If your feline isn’t vaccinated yet, it’s also a good time to learn about all the necessary cat vaccinations. You also need to have your pet neutered or spayed if this wasn’t done by the adoption agency.
#14 This senior 20lb cat was up for adoption. My cousin took him home and after a year of healthy eating, a few vet visits and a ton of love, Roger is doing great. He has lost more than 5 pounds and is very active.
#15 Guys at the shelter gave him the name Cupido. Some freak shot him with an arrow and it went through. His immune system was also compromised as he is Felv positive. Today, my fav pet is fat, spoilt, and happy!
If you have children and other family members in your home, you need to prepare them for the new addition to your family. Your children may be intrigued by the new pet but they need some advice on how to behave around your furball.
Take time before you bring in your adopted feline and talk to your kids about the dos and don’ts regarding your furry friend. Emphasize that it’s crucial for everyone to treat the pet with compassion and care. Teach other family members how to read a cat’s body language. You should also teach them how to safely handle the new pet.
#16 We didn’t even know she was pregnant when we found her. She was also homeless and in bad shape. Two hours after taking her home, she gave birth to five beautiful kitties. She is our champion and princess. You can help but admire her resilience!
#17 Meet handsome Albus. We found him lonely and hungry at a Cairo street. He couldn’t eat much due to the many stray animals in the street. Well, a few months later he eats to his fill and we just can’t get enough of his cuddles and kisses.
If you have another pet in your home, you’ll need to introduce them to your new friend. Start by introducing the animals to each other’s scents.

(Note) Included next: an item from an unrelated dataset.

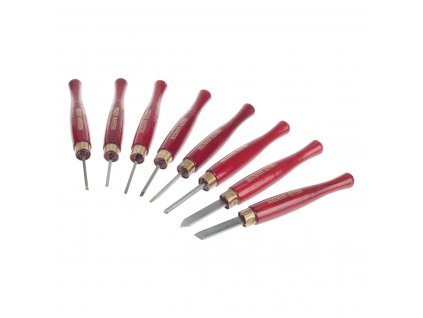 Micro set de dălți de cotitură HM (8buc) Holzmann HM8TLG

You can do this by giving each pet a blanket that the other pet has been sleeping on. Also, you shouldn’t keep the animals in the same room, let them be in separate rooms for a few days so they get used to each other’s sounds. After some time, you can let the animals meet each other but ensure there is a baby gate between the two to avoid a physical confrontation.

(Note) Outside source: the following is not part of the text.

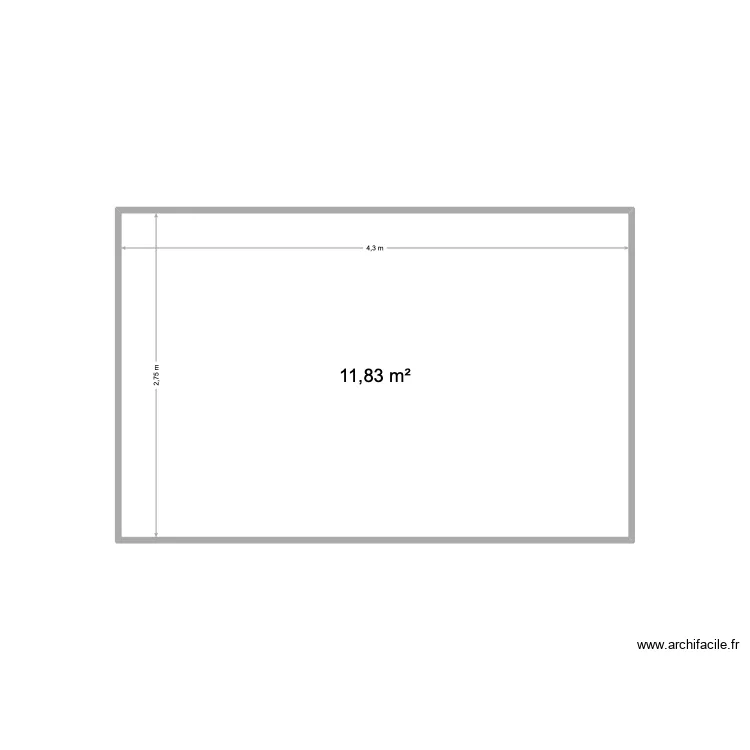 Mur Peinture Claire. Plan de 1  et 12 m²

Repeat such introductions until both animals are comfortable with each other. Praise your pets or give them treats when they behave in a civil manner towards each other. Once you’re confident that the two can cohabitate cordially, let them meet face to face.
#18 We rescued these two brothers from the street. They wouldn’t let go of each other. After several vet visits and some Tlc, these two are as inseparable as they were the day we met them.

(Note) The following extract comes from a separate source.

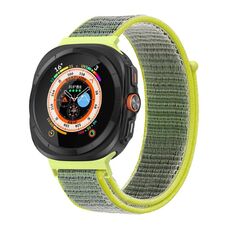 Per Samsung Galaxy Watch Ultra 47mm Kalebol Quick Release Nylon Braided Watch Band (Giallo Brillante)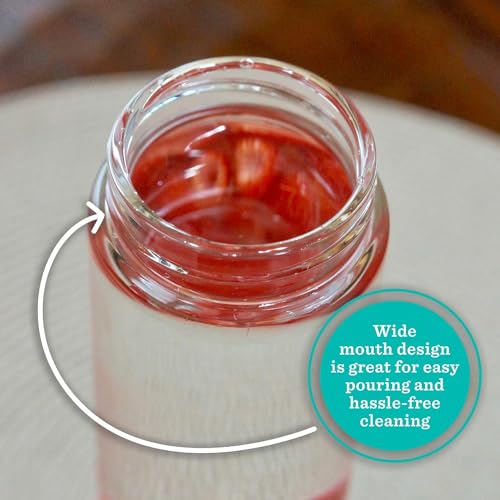 Image of EVATTA Glass Water Bottle Juice Bottles - Wide Mouth With Stainless Steel Lid - for Juicing, Smoothies, Beverage Storage - 500 ML, Leakproof, Borosilicate (PACK OF - 4)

#19 You can’t help but marvel at Cricket’s transformation. He had a really tough childhood. He was starving and had bowed legs due to malnourishment. Thanks to all the love he has received from a rescue home in Battersea London and from his adopted family, Cricket is no longer an unhappy and unhealthy kitten. And we love the change!
It’s important to note that some pets especially some dog breeds may never be ok having a cat around. Some dogs love to chase small animals and your new cat may become their new chase mate which can be extremely uncomfortable for your feline. In such a case, consider getting your kitty a housemate. Adopting another cat will also keep your furball company and may discourage your new pet from having clawing and biting issues brought by single kitten syndrome.
#20 Midnight fur can now shine in the dark. When we found her, she was weak and unhealthy. You could tell by just looking at her fur. After a few months of love and some grooming, Midnight has never been better!